Implementasi pasca disahkannya Undang-Undang No. 12 Tahun 2022 tentang Tindak Pidana Kekerasan Seksual menjadi sorotan dalam diskusi ini. Menurut Selly Andriani, anggota Komisi VIII DPR RI ini mengatakan pelibatan semua pihak penting dilakukan. Mulai dari Pemerintah Pusat, Aparat Penegak Hukum, Pemerintah Daerah, Organisasi Masyarakat Sipil, dan Masyarakat.

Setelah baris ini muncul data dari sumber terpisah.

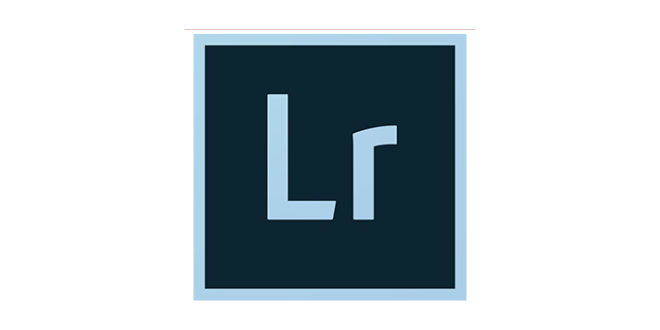Adobe Lightroom CC 2018 1.3.0 Free Download For Mac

“Masih banyak korban yang merasa masih kesulitan dalam mengakses layanan pelaporan, penanganan, pemulihan. Ini menjadi PR bagi kami, apakah ini hambatan di pemerintah daerah atau kurang publikasi.” tuturnya.
Selain itu, implementasi dari UU ini saat persidangan masih menjadi perdebatan di aparat penegak hukum. Menurut anggota DPR RI dari Dapil 8 ini, pemahaman dari aparat penegak hukum yang masih menggunakan KUHP menjadi kesulitan yang dihadapi pendamping untuk memberikan layanan maksimal.

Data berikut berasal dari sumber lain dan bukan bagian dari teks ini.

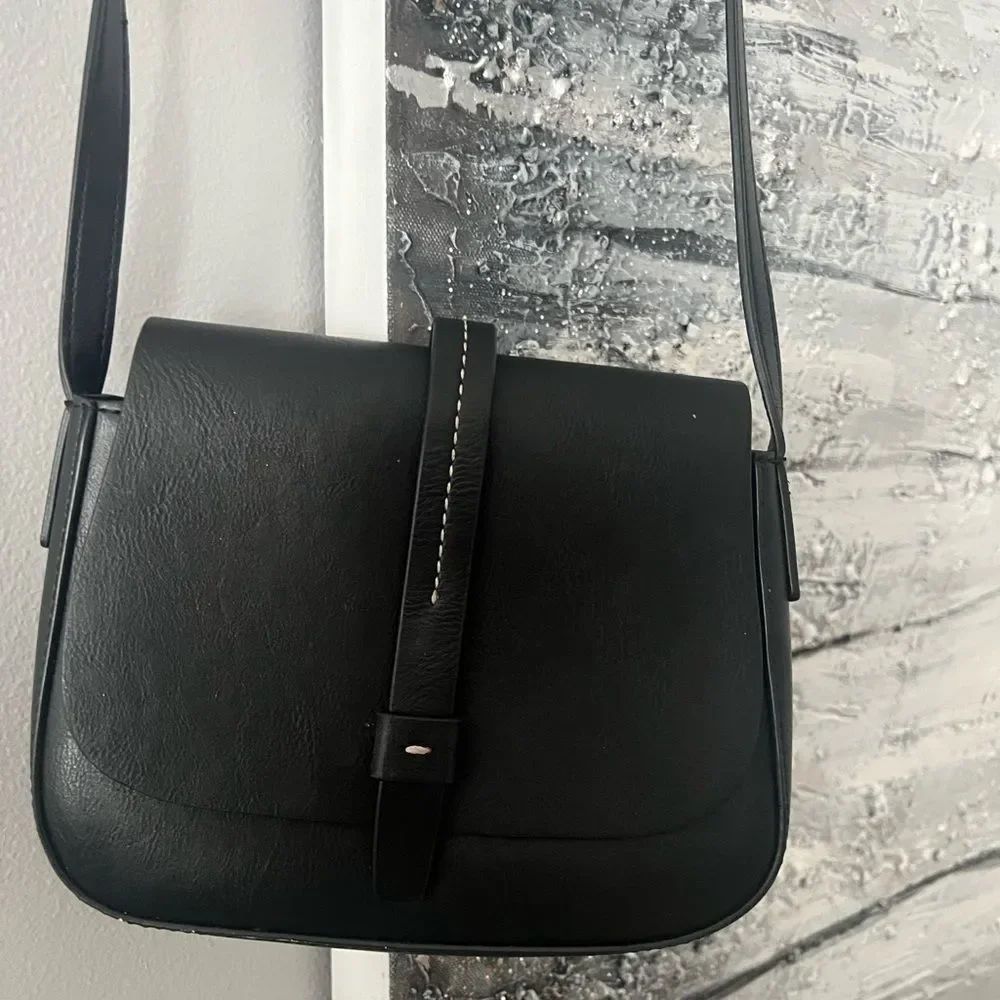 Gap cross body - Picture 2 of 2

“Kami dari DPR RI akan mendorong Pemerintah dalam hal ini KemenPPA untuk secepatnya mengeluarkan 5 Peraturan Pemerintah dan 5 Perpres agar tidak tumpang tindih dan tidak mempersulit implementasi di Pemerintah Daerah. Dan penting untuk melibatkan semua stakeholder dalam penyusunannya.” ujar Selly.
Sementara itu, Saadah, dari Forum Pengada Layanan WCC Mawar Balqis menjelaskan kendala yang dihadapinya saat memberikan layanan kepada korban. Hak-hak korban yang dijamin dalam UU TPKS belum berjalan dengan baik.
“Misalnya dalam pelayanan kepada korban kekerasan seksual, tenaga layanan dan aparat penegak hukum harus sudah mendapatkan pelatihan.” jelasnya.
UU TPKS mengamanatkan untuk memberikan hak restitusi kepada korban. Tetapi tidak disampaikan kepada korban. Saadah berharap hak-hak hukum korban dapat dipenuhi.
“Masih banyak aparat penegak hukum Kepolisian yang tidak mau menggunakan UU TPKS karena belum ada aturan turunan pelaksananya. Padahal, Kapolri sudah mengeluarkan telegram instruksi untuk menggunakan UU TPKS” ungkap Sa’adah.
Menurut Kanit PPA Polres Cirebon Kota, Ipda Iman Hendro, UU TPKS ini penting sekali. Tetapi aparat masih menggunakan KUHP dalam beberapa kasus.
“harus ada aturan turunan yang spesifik dalam melaksanakan UU ini.” tuturnya.